MSAC and the ADS agreed that point-of-care (POC) HbA1c testing was not within the scope of this application. Laboratory HbA1c tests from the Kimberley region of northern Western Australia are analysed in Perth, over 1600 km away, which can lead to significant delays in receiving test results. In a number of studies, POC HbA1c results have been shown to be closely correlated with laboratory-based results15-17 and the POC HbA1c process has been accepted by Australian Aboriginal Medical Services for the management of diabetes.18
The availability of immediate results is likely to further improve diagnosis of diabetes in remote areas and the timeliness of starting treatment. We aimed to determine whether a combination of POC and laboratory HbA1c testing, in real-world settings using existing processes for HbA1c assessment, is an effective method of testing for diabetes in remote Kimberley Aboriginal people when compared with the standard glucose algorithm.19
Data were collected by local health care providers from 1 September 2011 to 30 November 2013 at six Kimberley sites. All Aboriginal and Torres Strait Islander people in the Kimberley region aged 15 years and older are regarded as being at high risk of developing diabetes, and local protocols recommend that they be tested annually.19 Aboriginal and/or Torres Strait Islander people who did not have confirmed diabetes and who were due for diabetes testing and attending participating clinics were invited to take part. A cross-sectional design was used to compare the effectiveness of a new model of detecting diabetes (the HbA1c algorithm) with the standard model (the glucose algorithm) in diagnosing prediabetes and diabetes. The study was conducted on an opportunistic basis according to available clinic resources.
HbA1c and glucose tests
Clinic staff recorded patient consent, determined fasting status, conducted initial POC HbA1c tests and collected blood for laboratory HbA1c and glucose tests. Blood for the laboratory tests was not always collected on the same day as the POC test, as some remote clinics are only able to send laboratory samples for analysis once a week and often collect samples only on the day of transport. For the OGTT, we used a standard 2-hour 75 g/300 mL glucose load (Carbotest, Lomb Scientific).5
Capillary blood HbA1c concentration was measured in a finger-prick blood sample collected by primary health care providers and analysed on a DCA 2000+ Analyzer (Siemens/Bayer). This was the only POC machine available in Kimberley clinics during the period of the study, and is routinely used for assessing diabetic control. The aim of our study was to look at real-world practice, so we did not attempt to change the way staff undertook testing or to maintain or calibrate the machines.17
Venous whole blood samples were collected in fluoride/oxalate tubes (glucose test) or EDTA tubes (HbA1c test). Normal procedures at each clinic were used to store (whole blood was stored at 4°C) and transport samples to one of the three Kimberley PathWest laboratories. Whole blood samples for HbA1c testing were transported to the PathWest laboratory in Perth. The distances from the study sites to the Kimberley laboratories ranged from 2 km by road to 650 km by air, and from the Kimberley laboratories to Perth between 1677 km and 2224 km by air. Samples were received in Perth in 1–8 days.

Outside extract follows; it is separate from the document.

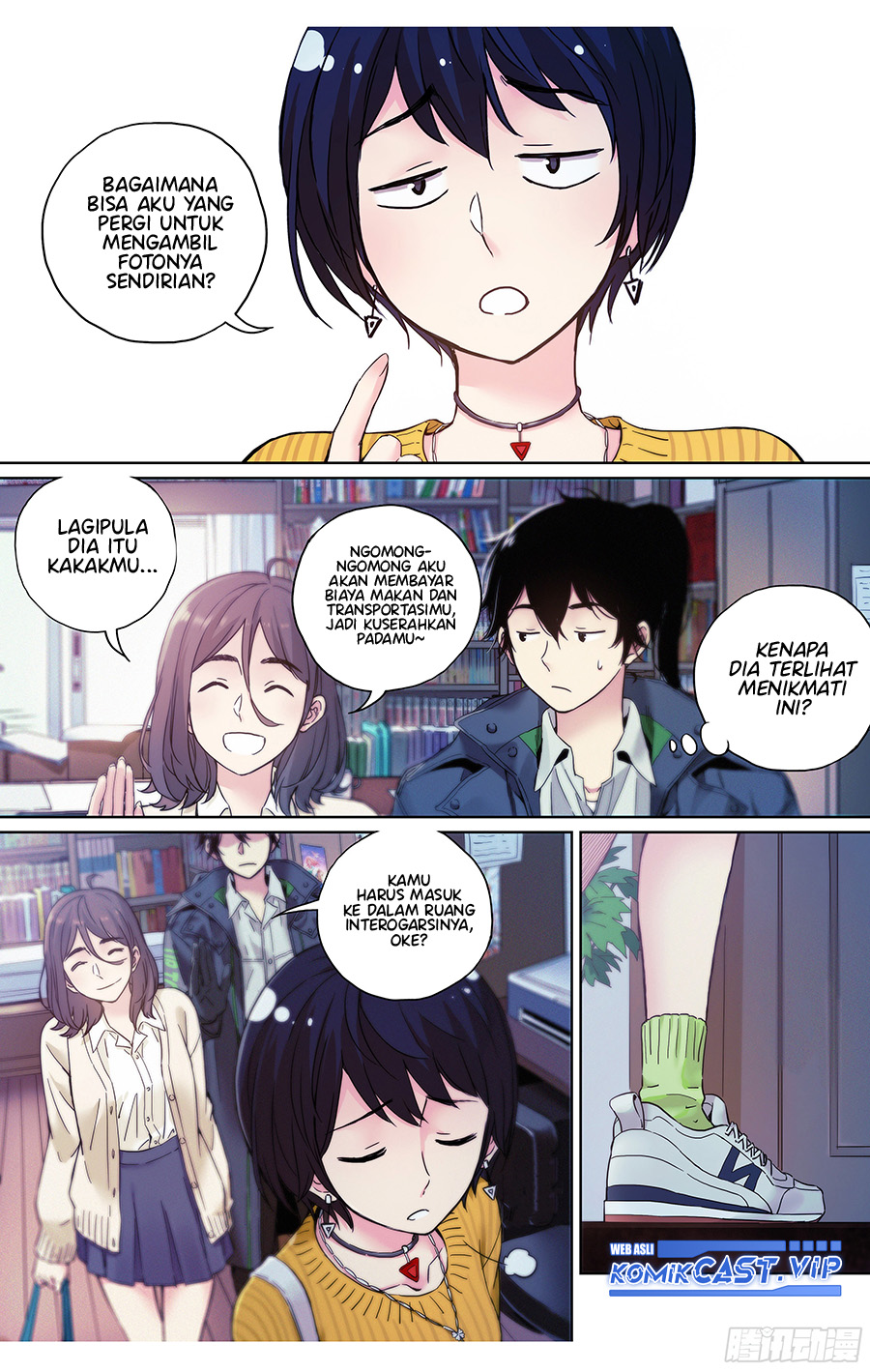 Page 6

Venous plasma HbA1c levels were measured as part of routine PathWest work. PathWest uses an automated immunoassay, with anticoagulated whole blood specimens automatically haemolysed by HbA1c haemolysis reagent in the predilution cuvette on a Cobas Integra 800 analyser (Roche Diagnostics). Total haemoglobin levels were measured colorimetrically, while HbA1c levels were determined by immunoturbidimetric assay. The ratio of the HbA1c concentration to that of total haemoglobin in the specimen yielded the final proportionate HbA1c measurement.
Venous plasma glucose (PG) levels were measured by enzymatic assay (glucose oxidase spectrophotometric dry chemistry) on a Vitros 250 Analyser (Ortho Clinical Diagnostics) at the Kimberley PathWest laboratories.
Comparison of the HbA1c and glucose algorithms
Participants were classified independently by each model for detecting diabetes. We then determined, using the same participants for each model, whether the HbA1c algorithm was more likely than the glucose algorithm to:
- provide a rapid definitive result;
- detect cases of diabetes.
Initial classification by the HbA1c algorithm used the POC HbA1c measurement, or the first laboratory HbA1c measurement if the POC test was not completed (five cases). Subsequent diagnosis of prediabetes and diabetes was based on POC and/or laboratory HbA1c measurements as follows.
- Normal: POC or laboratory HbA1c < 39 mmol/mol (< 5.7%).
- Prediabetes: laboratory HbA1c = 39–46 mmol/mol (5.7%–6.4%).
- Diabetes: two diagnostic HbA1c measurements ≥ 48 mmol/mol (≥ 6.5%).
While ADA and WHO guidelines require two diagnostic laboratory results for diagnosing diabetes in asymptomatic patients,9,20 we used diagnostic POC results, with laboratory results confirming the diagnosis.
We based the initial classification using the glucose algorithm on the first laboratory PG measurement. Subsequent diagnosis of impaired glucose tolerance and diabetes was based on follow-up glucose tests as follows.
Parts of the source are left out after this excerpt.